The defendant, Symbol Technologies, Inc. (“Symbol” or the “Company”), moves pursuant to Fed.R.Civ.P. 56 for summary judgment in its favor in this pregnancy discrimination action brought pursuant to Title VII of the Civil Rights Act of 1964, as amended, 42 U.S.C. 2000e et seq. and the New York State Human Rights Law § 290 et seq. Symbol contends that the plaintiff, Sheila Morrissey (“Morrissey”) has failed to articulate any facts supporting her claim, and therefore the defendant is entitled to judgment as a matter of law.

BACKGROUND

The plaintiff is a former employee of Symbol who filed sex discrimination and pregnancy discrimination charges against the Company pursuant to Title VII of the Civil Rights Act of 1964, as amended, 42 U.S.C. § 2000e et seq. (“Title VII”). Morrissey claims that she was terminated from employment due to her pregnancy and resulting maternity leave.

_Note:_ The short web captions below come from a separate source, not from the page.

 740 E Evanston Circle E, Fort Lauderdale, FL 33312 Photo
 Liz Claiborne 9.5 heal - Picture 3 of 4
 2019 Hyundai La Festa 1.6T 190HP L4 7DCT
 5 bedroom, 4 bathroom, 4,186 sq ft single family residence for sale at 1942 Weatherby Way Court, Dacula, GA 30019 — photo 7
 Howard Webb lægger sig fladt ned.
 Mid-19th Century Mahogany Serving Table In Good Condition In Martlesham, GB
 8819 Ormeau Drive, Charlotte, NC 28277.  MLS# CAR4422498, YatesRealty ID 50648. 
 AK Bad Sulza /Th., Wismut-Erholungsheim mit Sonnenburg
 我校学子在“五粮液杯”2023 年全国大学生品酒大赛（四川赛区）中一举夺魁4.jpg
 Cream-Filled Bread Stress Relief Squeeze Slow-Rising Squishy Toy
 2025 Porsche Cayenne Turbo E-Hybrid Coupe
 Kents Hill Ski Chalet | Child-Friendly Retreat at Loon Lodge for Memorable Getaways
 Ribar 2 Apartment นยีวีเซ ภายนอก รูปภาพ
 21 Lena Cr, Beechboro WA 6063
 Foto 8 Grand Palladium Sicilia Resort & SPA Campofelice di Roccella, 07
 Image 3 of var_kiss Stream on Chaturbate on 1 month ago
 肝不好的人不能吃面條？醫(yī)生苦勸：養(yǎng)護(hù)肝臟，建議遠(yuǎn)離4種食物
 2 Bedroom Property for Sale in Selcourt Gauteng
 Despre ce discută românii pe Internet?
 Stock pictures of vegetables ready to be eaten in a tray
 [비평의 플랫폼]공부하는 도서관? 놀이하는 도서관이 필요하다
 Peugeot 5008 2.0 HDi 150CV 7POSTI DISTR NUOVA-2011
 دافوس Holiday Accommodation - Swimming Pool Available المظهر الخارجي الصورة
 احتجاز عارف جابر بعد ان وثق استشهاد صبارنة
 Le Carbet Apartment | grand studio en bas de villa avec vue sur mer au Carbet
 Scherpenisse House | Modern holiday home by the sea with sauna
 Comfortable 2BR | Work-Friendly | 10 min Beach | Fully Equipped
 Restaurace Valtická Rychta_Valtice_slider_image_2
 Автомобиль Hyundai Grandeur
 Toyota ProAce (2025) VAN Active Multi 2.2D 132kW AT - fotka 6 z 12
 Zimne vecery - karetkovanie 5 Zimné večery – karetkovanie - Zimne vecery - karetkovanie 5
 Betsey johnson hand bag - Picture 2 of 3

Morrissey worked for Symbol as a Senior Market Research Analyst since September 1989. Symbol offers a Medical Leave of Absence Policy which permits an employee to request up to three months of medical leave for certain medical conditions including pregnancy. According to this policy an employee on maternity leave is guaranteed reinstate *119 ment if she returns within three months. A significant provision in this medical leave policy is as follows:

When as an associate goes on a disability leave for greater than three months the company reserves the right, based upon business conditions, to replace the individual on either a regular or a temporary basis. If an associate requests to return after being out for greater than three months Symbol will not be able to guarantee employment.

In August 1991, Morrissey informed her supervisor that she was pregnant and requested a combined personal and maternity leave. According to the defendant, this leave began on January 27,1992. According to the plaintiff, as of January 27, she was out at her “Manager’s discretion” and her maternity leave began on February 19, 1992, the day her son was born. In any event, Symbol concedes in its supporting memorandum of law that Morrissey was granted medical leave until May 19, 1992. The plaintiff was partially paid during this medical leave.

However, on April 9, 1992, Morrissey sent Symbol a letter requesting an extension of her leave beyond the May 19, 1992 date. This request was accompanied by a doctor’s note indicating that Morrissey would be unable to return to work until July 1, 1992 as the result of back problems she was having following her pregnancy. In response to this letter Morrissey was sent an application for long term disability. According to the defendant, she completed this form, “indicating that she was totally disabled and unable to return to work.” Def. Mem. of Law at 6.

According to Morrissey, at a May 1, 1992 meeting, Symbol informed her that she could not return to work because her maternity leave of absence was “not authorized” by Symbol’s director of personnel. Then on May 5, 1992, Symbol advised her that she was being terminated because “of her inability to return to work” as demonstrated by her April 9, 1992 letter requesting an extension of her leave. The defendant asserts that Morrissey was terminated as the result of a reduction in force in which her job was eliminated and her duties were reallocated.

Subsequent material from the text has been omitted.